# Methodology
The information on clinical sites is registered in free text and without an assigned unique identifier in the CT.gov database. Therefore, a named entity may have multiple name variations. Moreover, the geo point provided to each entity has the highest granularity to the city level in the database. (Our pipeline assigns more precise geo points to the sites registered with a valid zip code.) As part of the efforts to harmonize name variations of clinical sites, we apply a clustering algorithm to group names by their syntax similarity and geolocation information. We assume that the name variations sharing the same geolocation point and similar syntax represent the same entity. For example, if two sites go by University College London Hospitals and University College London Hospitals (UCLH), respectively, and share the same geo point. We assume that the two name variations represent the same entity.

# Input Data
Features: geo point, site name (vectorized)

# Model
Algorithm:DBSCAN
Hyperparameters: min_samples=2, eps=0.025, metric="cosine"
[Code recipe](recipe:compute_facilities_id_lookup_1) 

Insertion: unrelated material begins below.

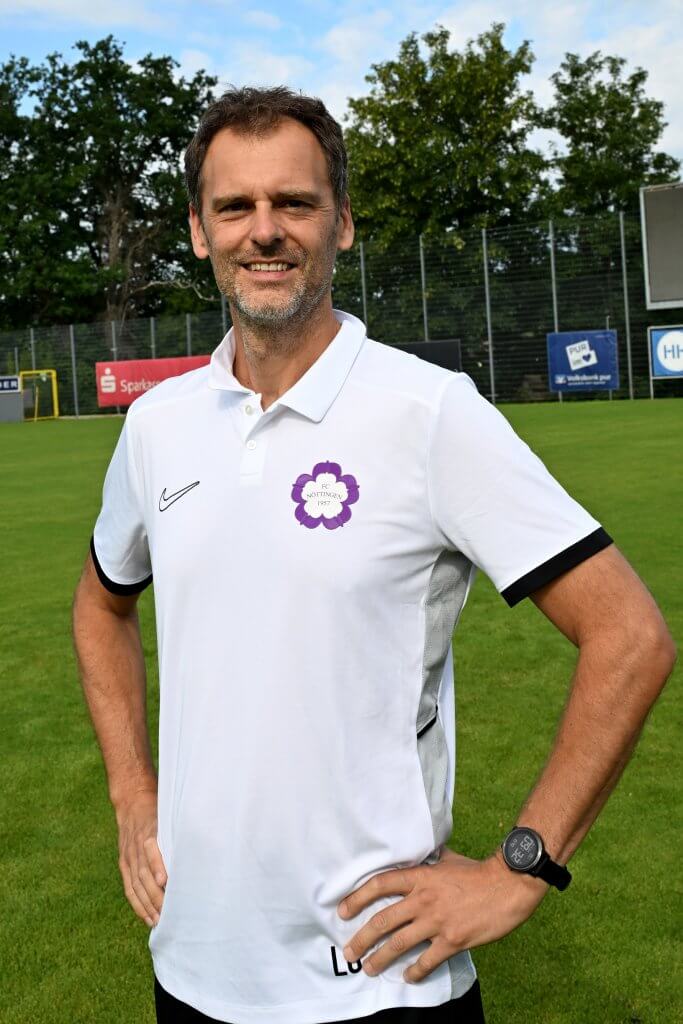 Ein Mann in einem weißen Sportpolo steht auf einer Wiese, lächelt, hat die Hände in die Hüften gestemmt, und im Hintergrund sind Bäume zu sehen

This task uses the Density-Based Spatial Clustering of Applications with Noise (DBSCAN) algorithm from scikit-learn. DBSCAN is designed to identify clusters of data points based on their density in the feature space, allowing it to discover clusters of arbitrary shapes and handle noise effectively. The key idea behind DBSCAN is to define clusters as dense regions of data points separated by regions of lower point density. Since it doesn't require specifying the number of clusters in advance, it automatically assigns a different number of clusters to name variations with higher similarity while leaving those sharing little similarity to others unassigned in each geo point group. We set the hyperparameters for the DBSCAN model by validating the results of the clustering empirically. 

![Screenshot 2023-10-02 at 13.23.59.png](uQL9zARJwgMM)
Figure 1: Site name variations clustering for a geo point group. 
The figure illustrates vectorized site name variations' on a 2D projection. The DBSCAN model assigns labels to site name variations based on their similarity. The algorithm considers the isolated vectors as outliers and leaves them unlabeled.